The Bronx has a rich cultural life which is accessible to residents and visitors.  Hostos College, at the intersection of the Grand Concourse and 149th Street, has  an excellent art gallery and wonderful musical programs  that highlight the Bronx's Latin heritage (<http://www.hostos.cuny.edu>). The Bronx Museum of the Arts, at 165th Street and the Grand Concourse, has  wonderful collections featuring  Bronx history and third world cultures, and excellent film series and musical programs (<http://www.bronxmuseum.org>). The Bronx County Historical Society, on 209th Street and Bainbridge Avenue, has an excellent archive and a museum that features permanent and special exhibits (<http://www bronxhistoricalsociety.org>).

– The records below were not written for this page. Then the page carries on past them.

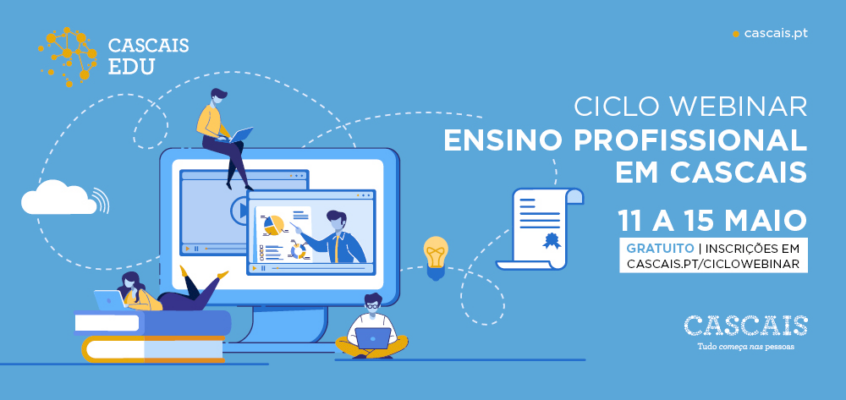 CICLO WEBINAR / Ensino Profissional em Cascais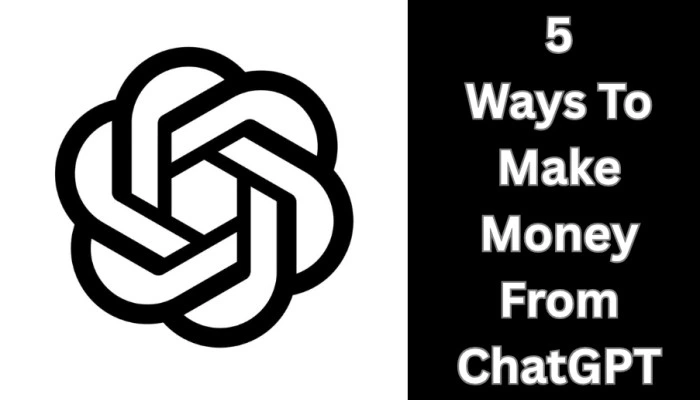 make money from ChatGPT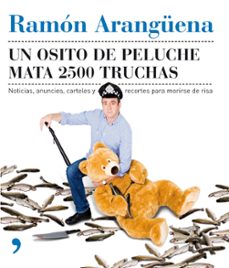 un osito de peluche mata 2500 truchas-9788484607182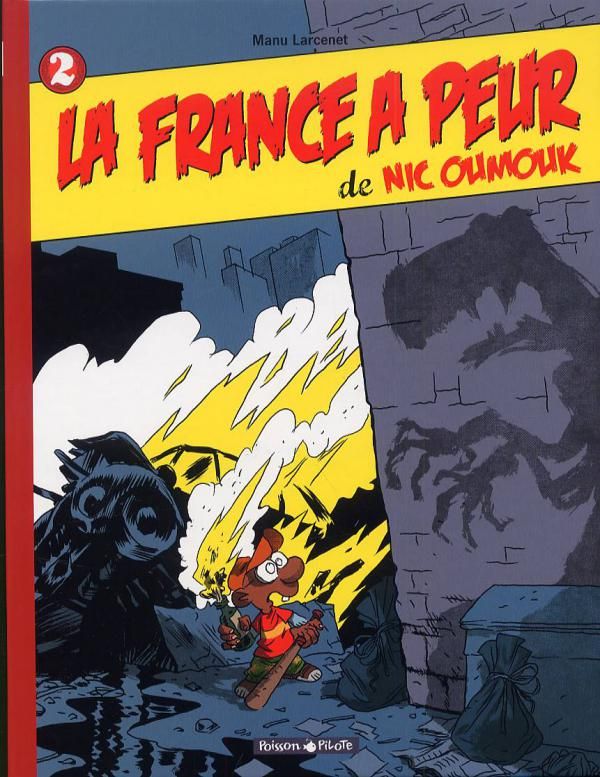Nic Oumouk Tome 2 : La France a peur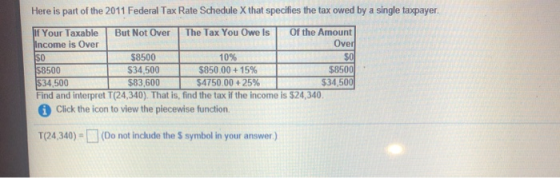 Here is part of the 2011 Federal Tax Rate Schedule X that specifies the tax owed by a single taxpayer. If Your Taxable But No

The Lehman Center for the Performing Arts, at the intersection of Bedford Park Road and Jerome Avenue, has world class entertainment at affordable prices (<http://www.lehmancenter.org>). And the Paradise Theater, one of the largest art deco theaters in the world, at 188th Street and Grand Concourse, has recently been reopened for concerts and sporting events featuring artists ranging from Patti Labelle to Grandmaster Flash (<http://www.theparadisetheater.com>).  

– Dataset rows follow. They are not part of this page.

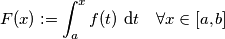F(x):=\int_a^x f(t)\text{ d}t \quad \forall x \in [a,b]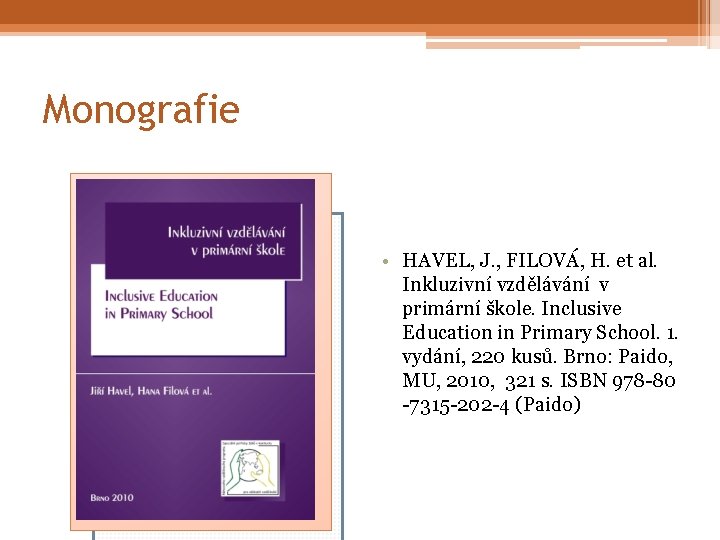 Monografie • HAVEL, J. , FILOVÁ, H. et al. Inkluzivní vzdělávání v primární škole.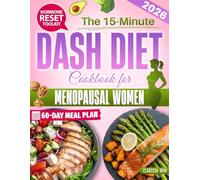 The 15-Minute Dash Diet Cookbook for Menopausal Women: Quick, 5-Ingredient Recipes & Proven Daily Strategies to Balance Hormones, Lower Pressure, and Reclaim Energy-Even on Your Busiest Days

The major visitor attractions in the Bronx are also worth visiting ”Yankee Stadium, the Bronx Zoo, the Bronx Botanical Gardens. So are the Bronx's two great restaurant districts, Arthur Avenue, which features excellent Italian food, and City Island, which has many good seafood restaurants.  

But if you want to wander off the beaten path and see one of America's most inspiring urban success stories, take the #5 train to the Bronx, get off at the 174th Street stop, and stroll south on Boston Road to Charlotte Street. After you've walked around and seen where entirely new neighborhoods have been created in a place which was once a worldwide symbol of urban decay, then walk down Boston Road to 169th street to McKinley Square, once the cultural and commercial center of the Bronx's African American Community, and treat yourself to some West Indian beef, chicken, or vegetable patties (you have a choice of two places). What you see and experience will show you that neighborhood development need not displace working class people. It can empower them, and build on their cultures and aspirations.